熵比剪裁:一种用于稳定强化学习的软性全局约束
Entropy Ratio Clipping as a Soft Global Constraint for Stable Reinforcement Learning
December 5, 2025
作者: Zhenpeng Su, Leiyu Pan, Minxuan Lv, Tiehua Mei, Zijia Lin, Yuntao Li, Wenping Hu, Ruiming Tang, Kun Gai, Guorui Zhou
cs.AI
摘要
大规模语言模型的后训练过程依赖强化学习来提升模型能力与对齐质量。然而,离策略的训练范式会引发分布偏移,往往使策略超出置信区域,导致训练不稳定性,具体表现为策略熵值的波动与梯度不稳定。尽管PPO-Clip通过重要性剪裁缓解了这一问题,但仍未考虑动作的全局分布偏移。为解决这些挑战,我们提出使用当前策略与历史策略的熵比作为新型全局指标,该指标能有效量化策略探索在更新过程中的相对变化。基于此指标,我们引入了熵比剪裁(ERC)机制,对熵比施加双向约束。这种方法在全局分布层面稳定策略更新,并弥补了PPO-Clip无法调节未采样动作概率偏移的缺陷。我们将ERC机制集成至DAPO和GPPO强化学习算法中,在多基准测试中的实验表明,ERC能持续提升算法性能。
English
Large language model post-training relies on reinforcement learning to improve model capability and alignment quality.
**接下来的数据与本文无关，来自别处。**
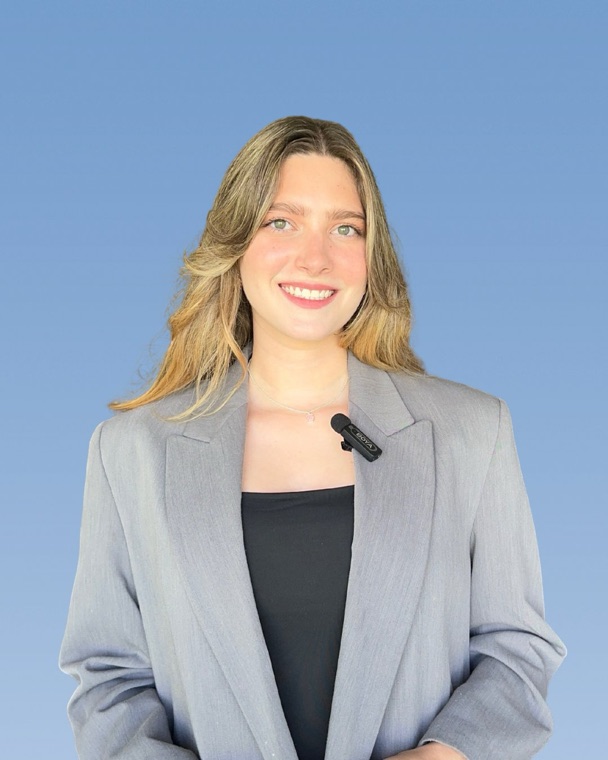 Sofía Retif, creadora del curso Hosting Sin Propiedad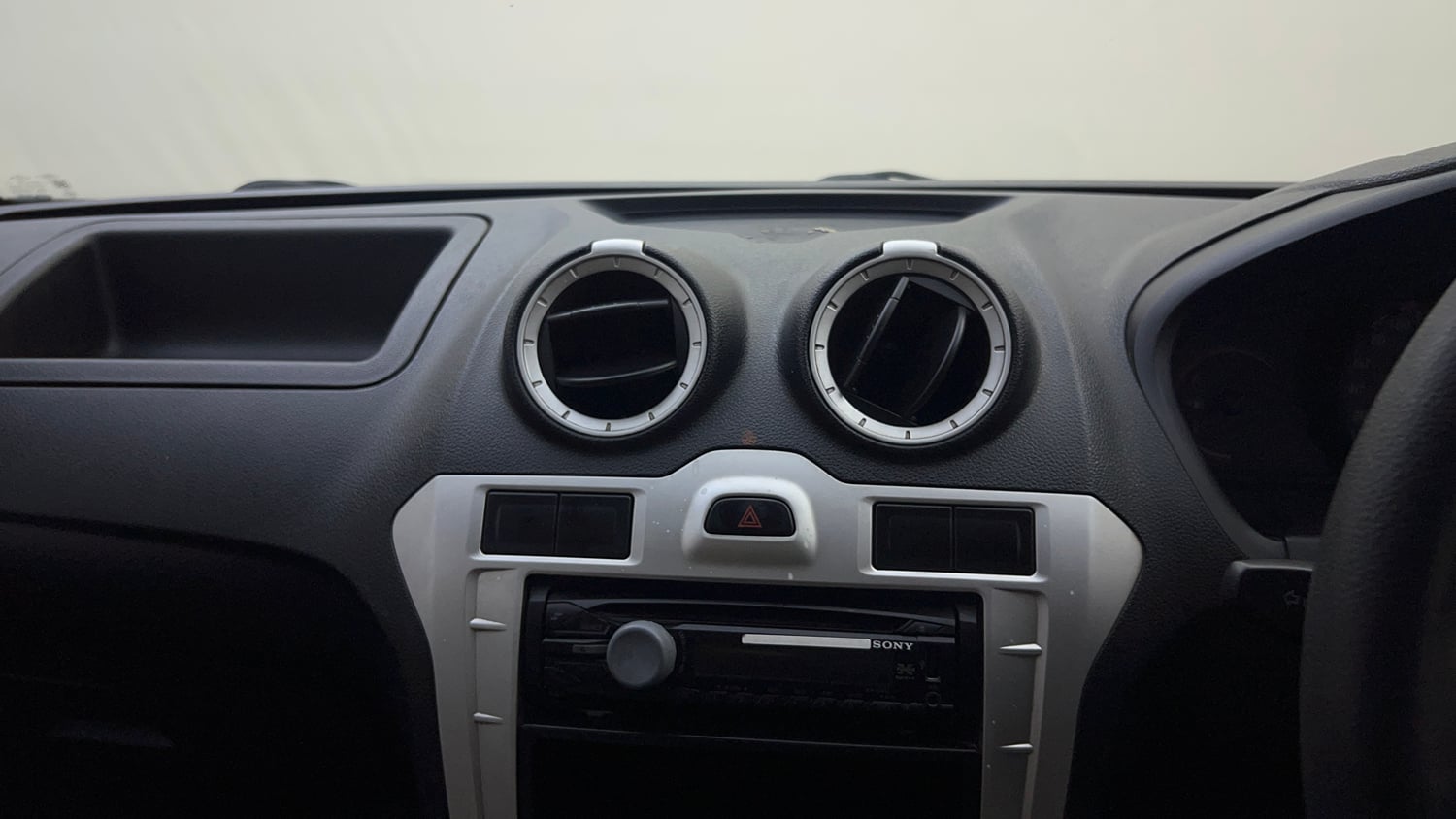Used 2012 Ford Figo Duratorq Diesel EXI 1.4 Diesel Manual top_features Integrated (in-dash) music system
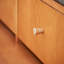 Armoire de rangement en bois et rotin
However, the off-policy training paradigm introduces distribution shift, which often pushes the policy beyond the trust region, leading to training instabilities manifested as fluctuations in policy entropy and unstable gradients. Although PPO-Clip mitigates this issue through importance clipping, it still overlooks the global distributional shift of actions. To address these challenges, we propose using the entropy ratio between the current and previous policies as a new global metric that effectively quantifies the relative change in policy exploration throughout updates. Building on this metric, we introduce an Entropy Ratio Clipping (ERC) mechanism that imposes bidirectional constraints on the entropy ratio. This stabilizes policy updates at the global distribution level and compensates for the inability of PPO-clip to regulate probability shifts of un-sampled actions. We integrate ERC into both DAPO and GPPO reinforcement learning algorithms. Experiments across multiple benchmarks show that ERC consistently improves performance.